→ **DESCRIPTION OF THE TASK**:
Leave out all pictures while repeating the records exactly and completely.

→ **EXERCISE DATA**:
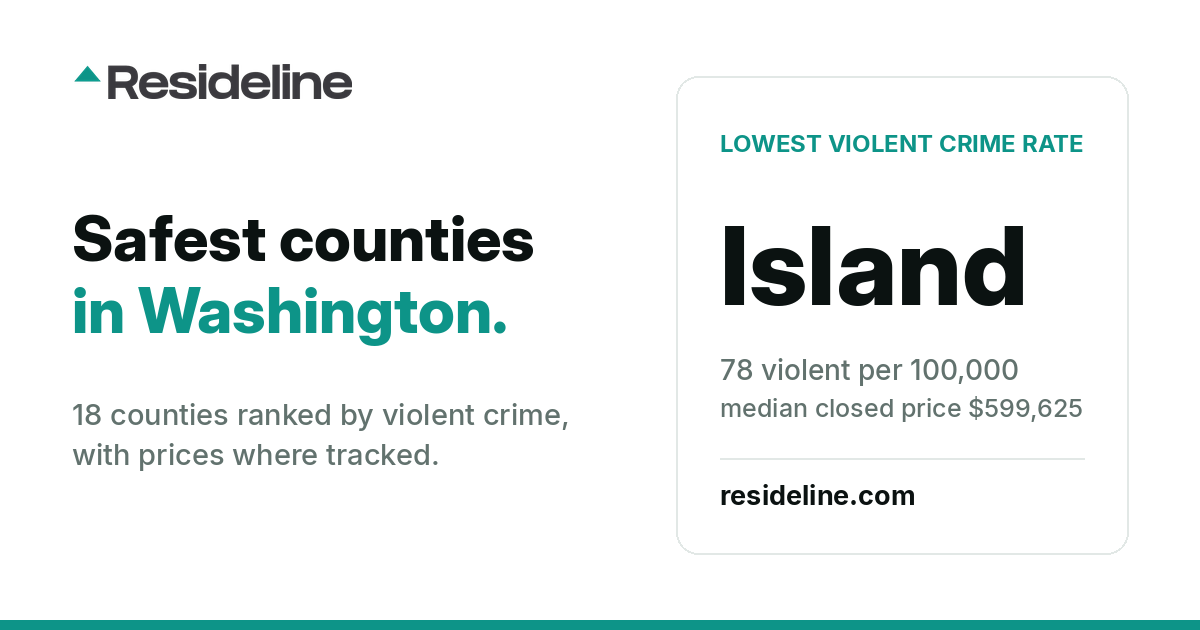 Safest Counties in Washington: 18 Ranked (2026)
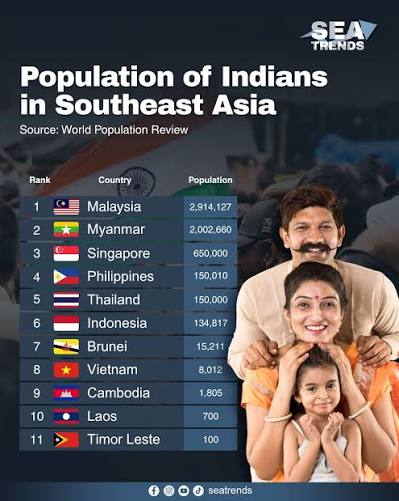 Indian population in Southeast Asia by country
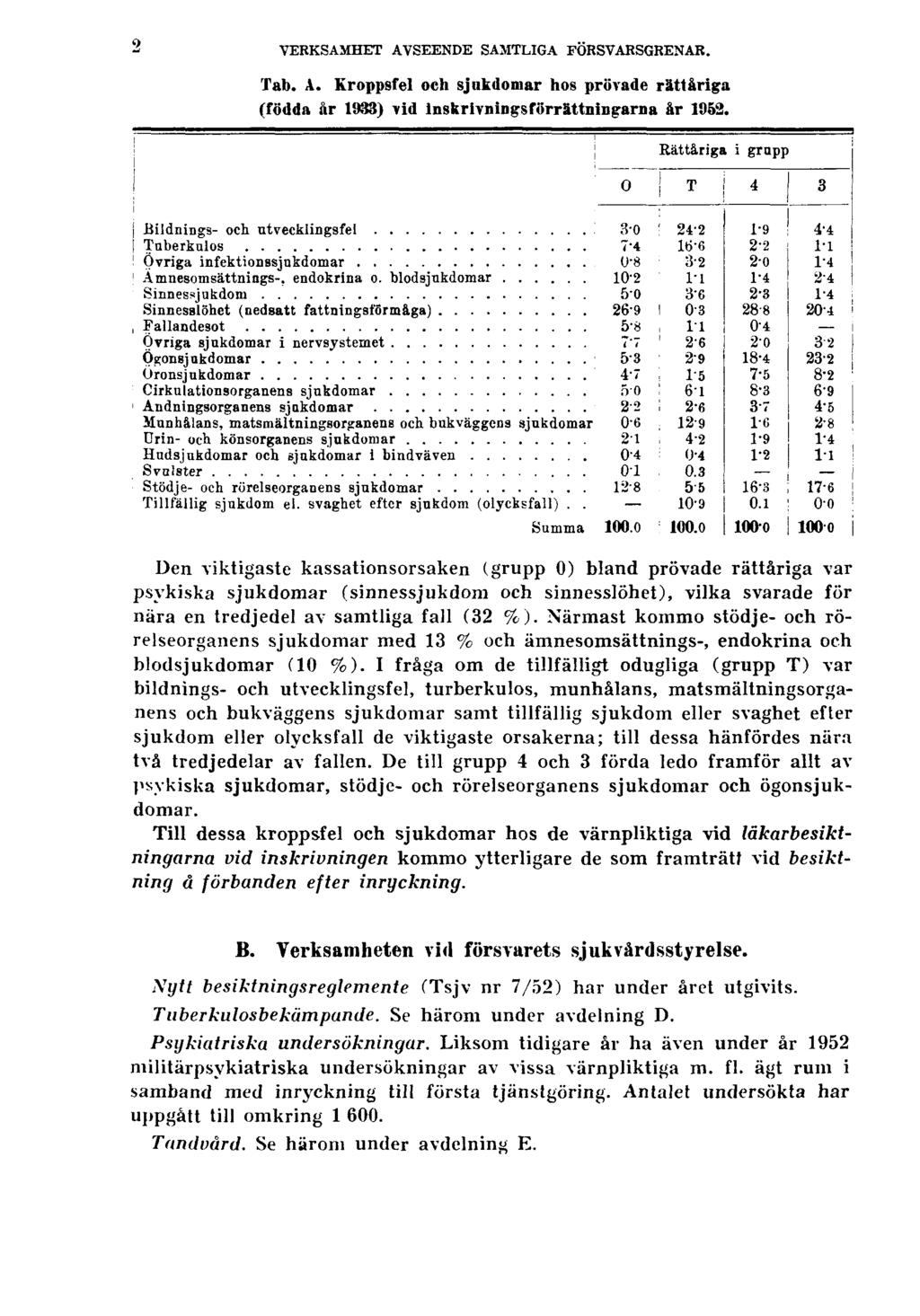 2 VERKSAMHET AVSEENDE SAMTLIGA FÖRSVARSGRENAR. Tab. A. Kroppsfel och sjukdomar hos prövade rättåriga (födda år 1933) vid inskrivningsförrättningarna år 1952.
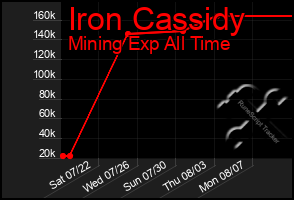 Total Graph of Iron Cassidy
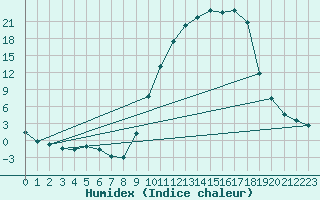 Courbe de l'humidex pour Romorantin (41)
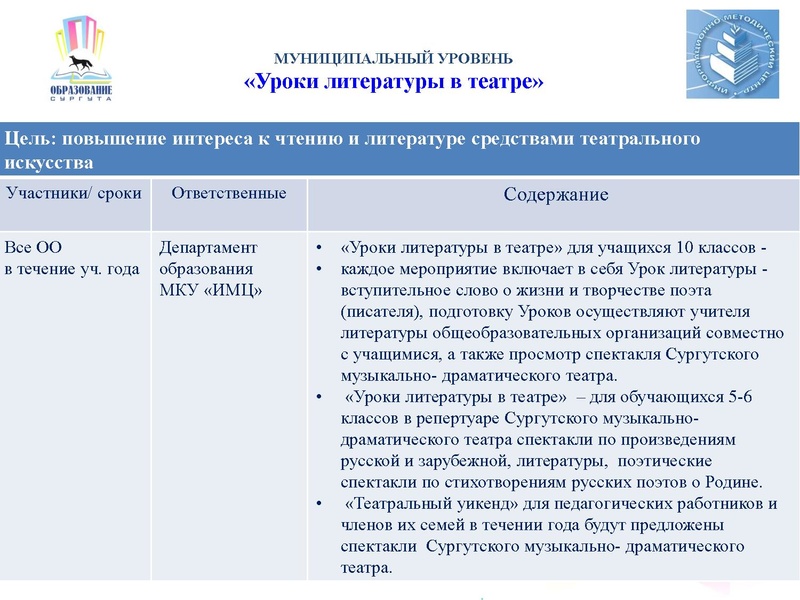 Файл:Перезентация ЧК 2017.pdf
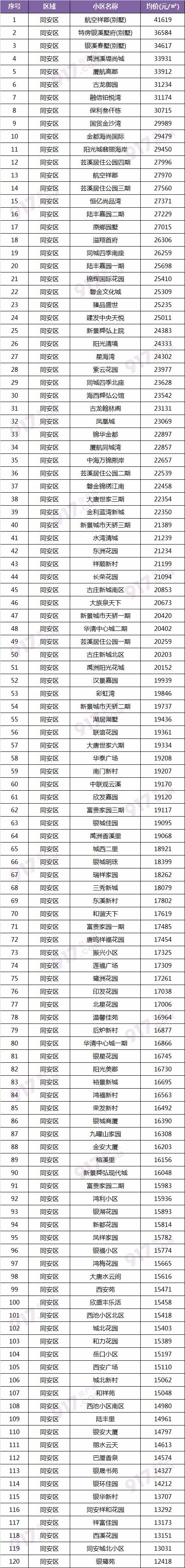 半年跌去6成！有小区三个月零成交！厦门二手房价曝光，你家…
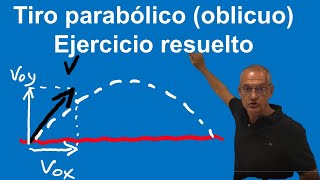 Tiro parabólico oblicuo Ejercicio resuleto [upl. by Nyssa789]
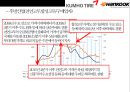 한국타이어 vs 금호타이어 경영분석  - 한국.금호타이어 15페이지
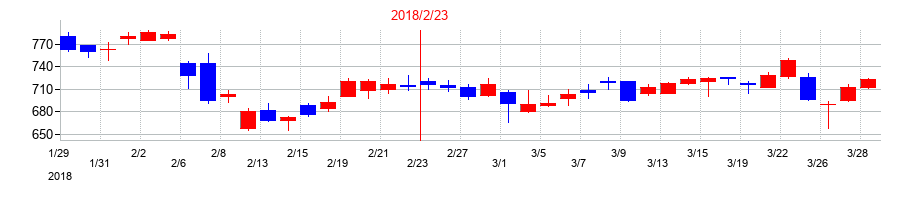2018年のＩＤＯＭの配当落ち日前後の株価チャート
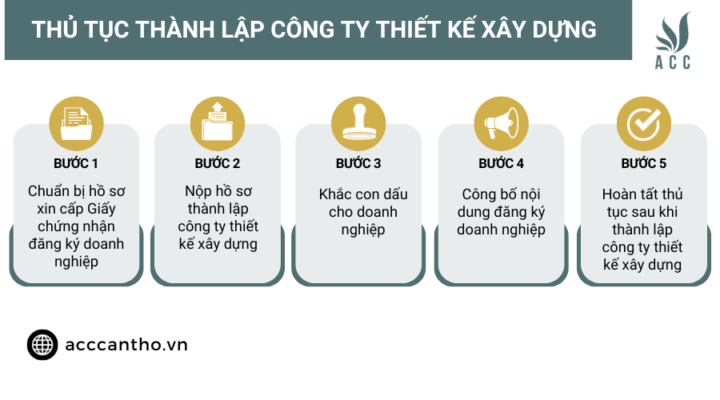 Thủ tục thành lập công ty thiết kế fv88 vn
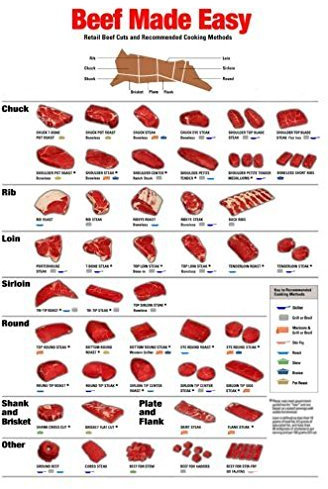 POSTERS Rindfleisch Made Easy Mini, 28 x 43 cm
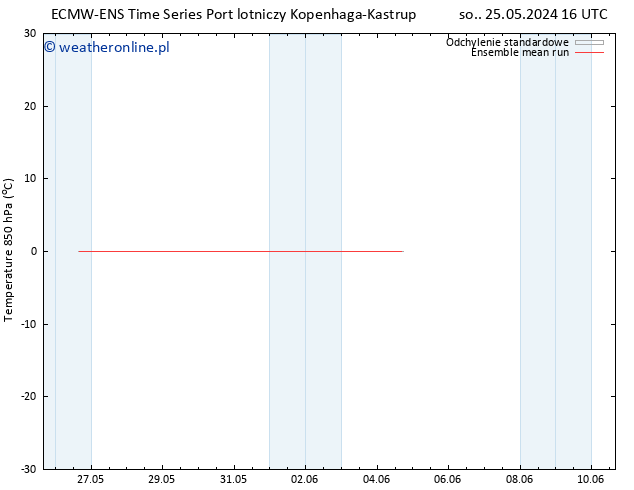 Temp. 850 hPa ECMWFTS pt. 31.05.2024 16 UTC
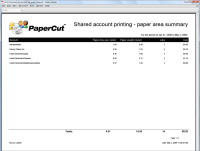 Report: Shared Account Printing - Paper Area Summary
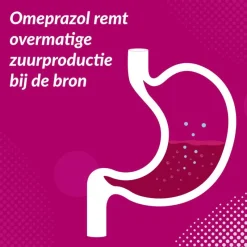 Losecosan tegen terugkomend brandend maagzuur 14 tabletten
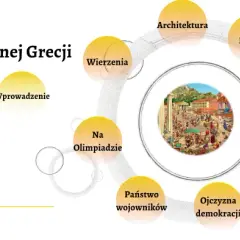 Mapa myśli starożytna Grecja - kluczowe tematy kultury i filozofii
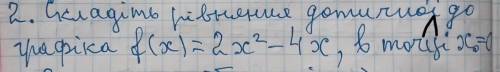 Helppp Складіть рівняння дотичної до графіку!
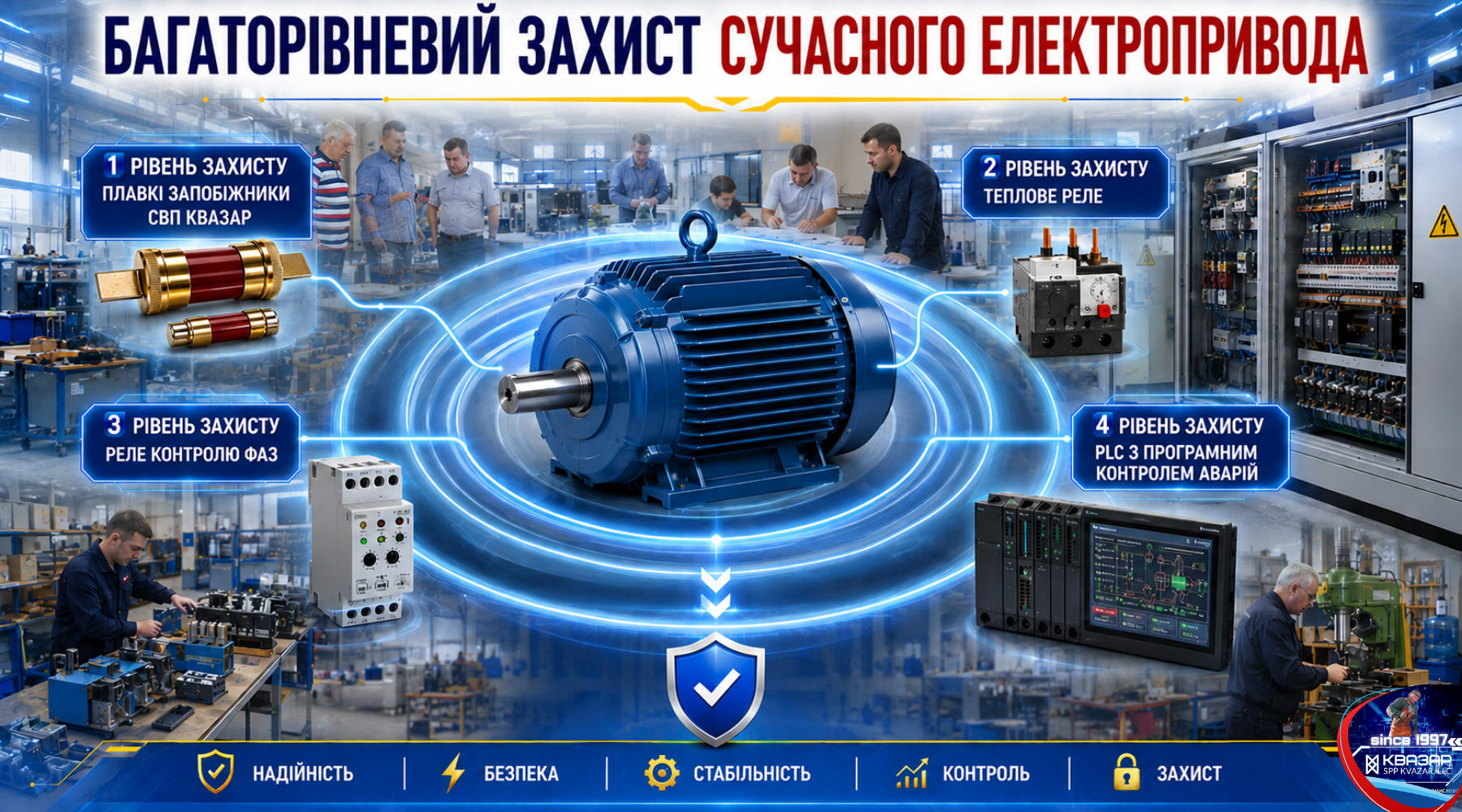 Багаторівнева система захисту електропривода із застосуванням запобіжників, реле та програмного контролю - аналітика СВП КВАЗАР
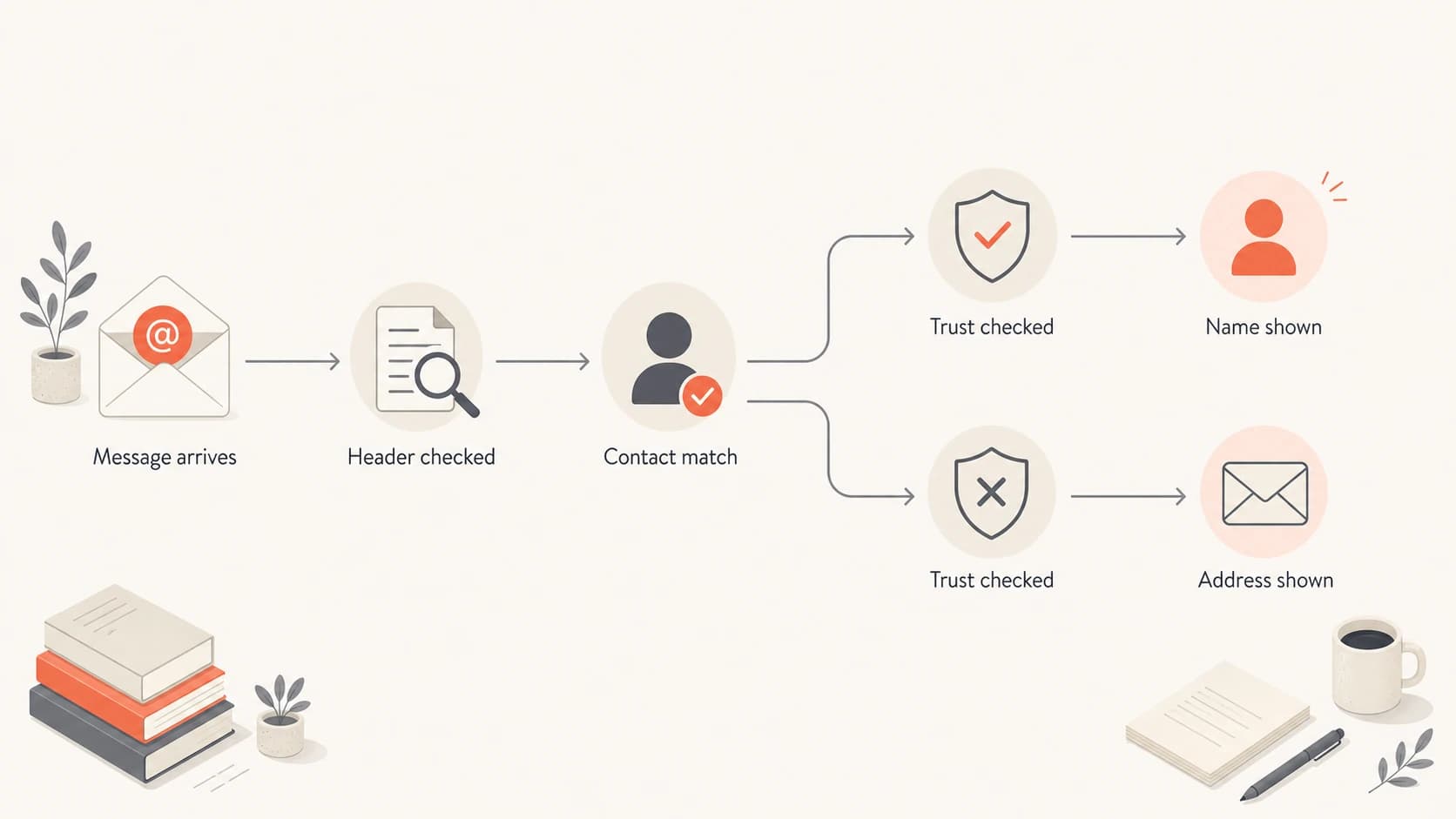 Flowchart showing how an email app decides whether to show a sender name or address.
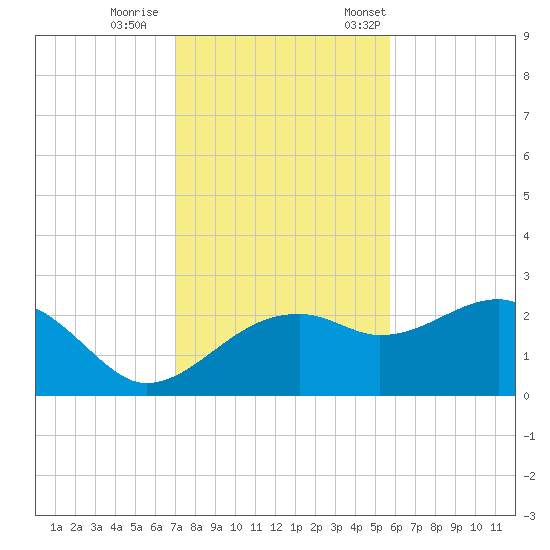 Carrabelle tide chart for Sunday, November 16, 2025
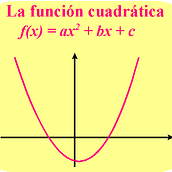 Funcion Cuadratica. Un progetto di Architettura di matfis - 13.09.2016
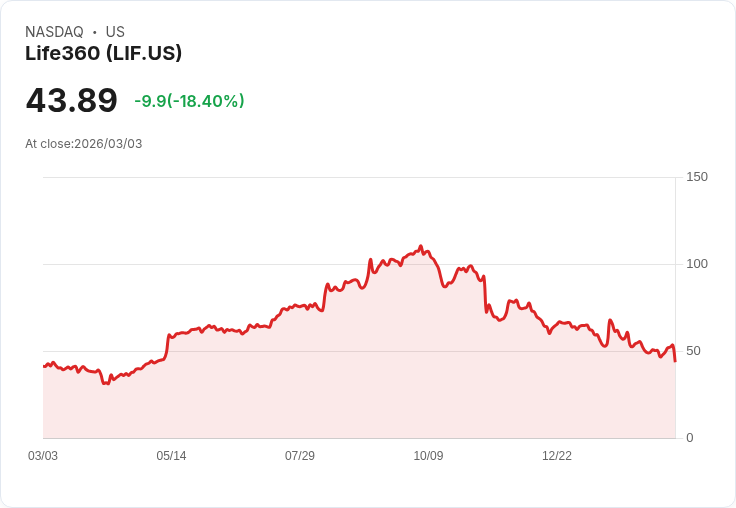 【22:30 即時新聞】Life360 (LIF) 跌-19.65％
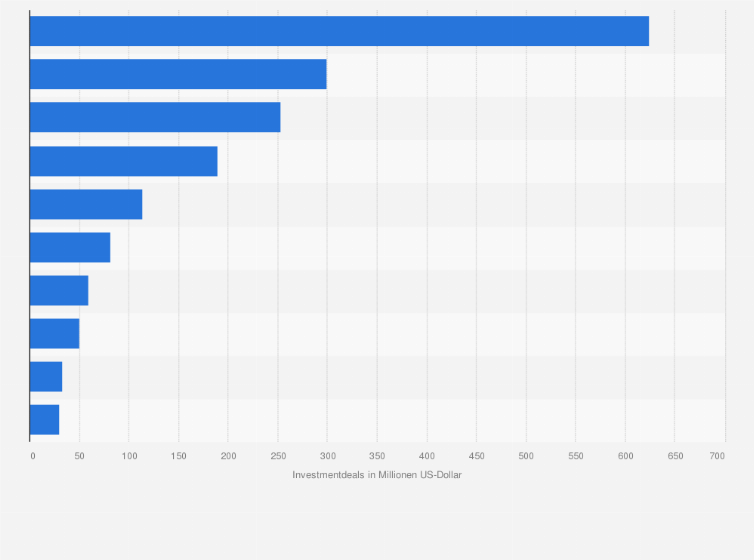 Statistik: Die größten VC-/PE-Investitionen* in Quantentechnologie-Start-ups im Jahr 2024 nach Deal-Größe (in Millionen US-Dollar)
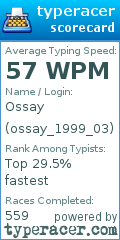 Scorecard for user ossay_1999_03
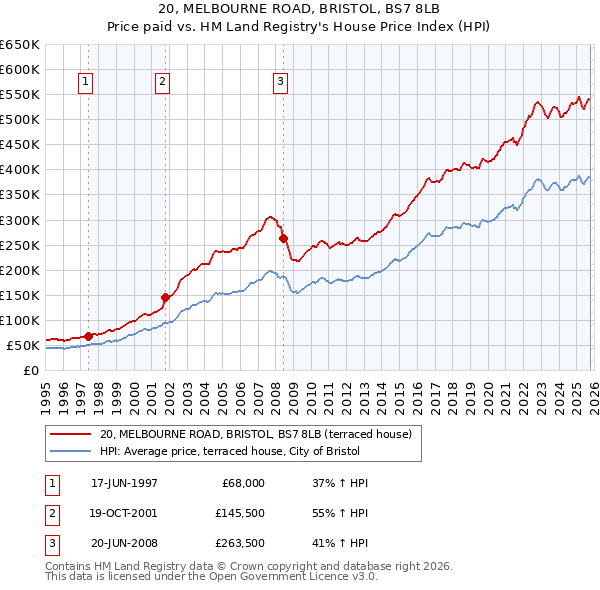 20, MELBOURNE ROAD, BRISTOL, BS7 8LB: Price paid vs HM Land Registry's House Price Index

→ **ANSWER AREA**:
 Safest Counties in Washington: 18 Ranked (2026)
 Indian population in Southeast Asia by country
 2 VERKSAMHET AVSEENDE SAMTLIGA FÖRSVARSGRENAR. Tab. A. Kroppsfel och sjukdomar hos prövade rättåriga (födda år 1933) vid inskrivningsförrättningarna år 1952.
 Total Graph of Iron Cassidy
 Courbe de l'humidex pour Romorantin (41)
 Файл:Перезентация ЧК 2017.pdf
 半年跌去6成！有小区三个月零成交！厦门二手房价曝光，你家…
 Tiro parabólico oblicuo Ejercicio resuleto [upl. by Nyssa789]
 한국타이어 vs 금호타이어 경영분석  - 한국.금호타이어 15페이지
2018年のＩＤＯＭの配当落ち日前後の株価チャート
 Thủ tục thành lập công ty thiết kế fv88 vn
 POSTERS Rindfleisch Made Easy Mini, 28 x 43 cm
 Temp. 850 hPa ECMWFTS pt. 31.05.2024 16 UTC
 Report: Shared Account Printing - Paper Area Summary
 Losecosan tegen terugkomend brandend maagzuur 14 tabletten
 Mapa myśli starożytna Grecja - kluczowe tematy kultury i filozofii
 Helppp Складіть рівняння дотичної до графіку!
 Багаторівнева система захисту електропривода із застосуванням запобіжників, реле та програмного контролю - аналітика СВП КВАЗАР
 Flowchart showing how an email app decides whether to show a sender name or address.
 Carrabelle tide chart for Sunday, November 16, 2025
 Funcion Cuadratica. Un progetto di Architettura di matfis - 13.09.2016
 【22:30 即時新聞】Life360 (LIF) 跌-19.65％
 Statistik: Die größten VC-/PE-Investitionen* in Quantentechnologie-Start-ups im Jahr 2024 nach Deal-Größe (in Millionen US-Dollar)
 Scorecard for user ossay_1999_03
 20, MELBOURNE ROAD, BRISTOL, BS7 8LB: Price paid vs HM Land Registry's House Price Index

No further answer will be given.